What we’re supposed to know is that God’s grace is available to everybody everywhere. And it’s no accident that we’re dealing with this text in the middle of Pentecost, the season that focuses on the origins and expansion of the Church.

“The harvest is plentiful, but the laborers are few,” Jesus tells the seventy as he sends them out to share the gospel. And it’s no wonder that the laborers are so few because what he’s asking them to do is difficult.

Jesus acknowledges that the disciples are heading into an inhospitable world; “I am sending you out like lambs into the midst of wolves,” he says to them. And that sounds nice, doesn’t it? While I’ve got to admire Jesus’s honesty, once again his recruiting pitch ain’t exactly the best I’ve ever heard.

As if this weren’t tough enough, Jesus also tells his messengers to travel light — and I mean very light — on their mission trip; “Carry no purse, no bag, no sandals,” he commands. While this might make it easier for them to get around, it also makes them completely reliant on the hospitality of strangers — and this is a difficult position for them to be in.

When they enter a house and say, as Jesus tells them to say, “Peace be to this house,” the only two possible outcomes for them are rejection or acceptance.

If Jesus’s messengers are turned away in one place, they are to wipe the dust of that town from their feet and move along to the next; God will take care of the rest.
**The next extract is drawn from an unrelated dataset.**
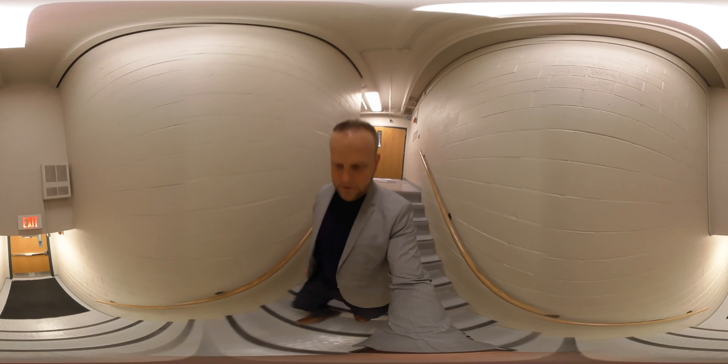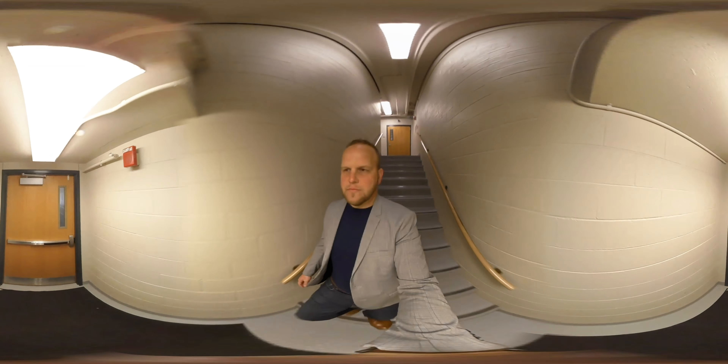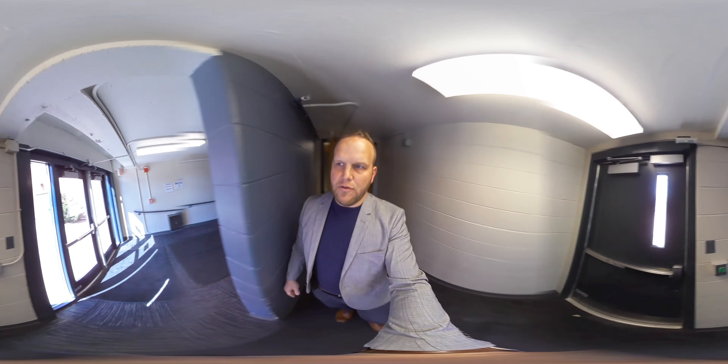This stairway goes down to our player entrance to the field, as well as our locker room and one of our two weight rooms here on campus.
In the verses that our Lectionary reading skips over Jesus talks about the woes that will befall any place that rejects his messengers: “I tell you… it will be more tolerable for Sodom than for that town,” he declares. And this is pretty severe. Like I said earlier, Jesus really knows his Hebrew scriptures, so go have a look at Genesis 19 if you’re curious about how things worked out for Sodom.

But what if the messengers are accepted where they go? Well, this might actually be more difficult for them. If they are rejected, they can simply walk away, but if a household shares in the peace that the disciples extend, Jesus tells them, not once but twice, to “Remain in the same house, eating and drinking whatever they provide. Do not move about from house to house. Whenever you enter a town and its people welcome you, eat what is set before you…”

In Jewish culture, what you ate and with whom you ate it were really important things, and so this is a provocative command on Jesus’s part. These disciples were ordered to go out into the world with only the gospel to give, and told to accept whatever they were given without worrying about what it was or who gave it to them.

They were entirely reliant upon the hospitality of others for survival; they were completely vulnerable — and vulnerable is an uncomfortable thing to be. But that is exactly what Jesus wants them to be; that is exactly what Jesus wants us to be.

Hospitality is kind of funny thing: it is relatively easy to extend, but not always all that easy to accept. Being confronted with true hospitality forces us to come to terms with just how dependent we really are; it calls us into real relationship with others.

Just to be clear: by hospitality I don’t mean something like inviting a friend over for dinner because that situation assumes a kind of preexisting relationship between equals. It’s a nice thing to do, but it doesn’t involve a whole lot of risk on anyone’s part.

But what about hospitality in a context like church? Generally, we have people here to this house, to our house. But Jesus doesn’t tell his disciples to invite people over to hear the good news, he calls them to go out into the world and share it with people where they are. And he orders his disciples to take nothing with them on their journey because he wants them to understand not only what it means to love their neighbor but also what it means to allow themselves to be loved by their neighbor — whomever or wherever that neighbor might be.

As people called to do the work of Christ’s church in in this day and age we need to meet others in their vulnerability and, at the same time, accept and embrace our own vulnerability. Because while we definitely have much love to offer, there is also much love out there for us to receive, if we are actually willing to receive it.

You see, what ultimately unites all God’s people is our dependence on one another, and our complete and utter dependence upon God. We need each other. And that’s what real discipleship is all about.